The adversarial manipulation of publicly available information, such as Wikipedia, is an effort intended to deliberately degrade articles either by adding damaging or ill-intent content [15] . In most cases, these edits consist of erasing the full text of articles, adding profanity or racial slurs, or editing the page form [10] . This nefarious form of manipulation is also known as Wikipedia vandalism and often involves the use of unexpected words to draw attention [4] . The vandals can be sneaky and difficult to find because they make subtle edits and conceal their changes, aiming to deceive other editors and moderators into thinking the changes are legitimate [16] . With these subtle changes, the adversary aims to break the consistency of articles, deviate from common or correct grammatical structure, introduce uncommon word patterns, or change the meaning of a sentence.

A plethora of methods have been developed within the Wikipedia and the scientific community to detect Wikipedia vandalism including controversy detection on page level [9] , [2] , analysis of deletions, insertions, number of revisions and text reliability [17] , [5] , and analysis of author behaviour [12] , [5] . All of these methods assume that the adversary, in a role of a malicious editor (or group of editors), manually vandalizes Wikipedia articles.

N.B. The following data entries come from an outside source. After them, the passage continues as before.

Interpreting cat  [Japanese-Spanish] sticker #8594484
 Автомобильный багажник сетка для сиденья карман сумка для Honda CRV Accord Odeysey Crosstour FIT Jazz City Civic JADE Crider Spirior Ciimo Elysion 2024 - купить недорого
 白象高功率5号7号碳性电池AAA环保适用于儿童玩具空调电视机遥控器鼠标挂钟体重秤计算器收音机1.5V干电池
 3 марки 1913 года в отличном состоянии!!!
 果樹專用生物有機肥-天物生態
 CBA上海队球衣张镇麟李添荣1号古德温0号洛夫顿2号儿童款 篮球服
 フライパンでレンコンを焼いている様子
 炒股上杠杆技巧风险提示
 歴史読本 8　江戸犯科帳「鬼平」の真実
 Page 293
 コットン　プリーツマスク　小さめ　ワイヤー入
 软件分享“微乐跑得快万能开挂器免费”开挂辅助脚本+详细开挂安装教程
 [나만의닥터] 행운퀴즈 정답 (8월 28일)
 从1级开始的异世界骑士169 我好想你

To evade detection while still retaining the capability to make sneaky changes, we explored the possibility for an automated adversarial manipulation of Wikipedia articles. We developed an automated adversarial mechanism called WikipediaBot that uses a Markov chain and a linguistic manipulation paradigm called Malware Induced Misperceptions (MIM) to use word patterns from related articles to make malicious edits [14] . These malicious edits are made using a bot infrastructure and make contextual sense for the targeted content in the original article that doesn't decrease the text reliability or show an abnormal editor behaviour.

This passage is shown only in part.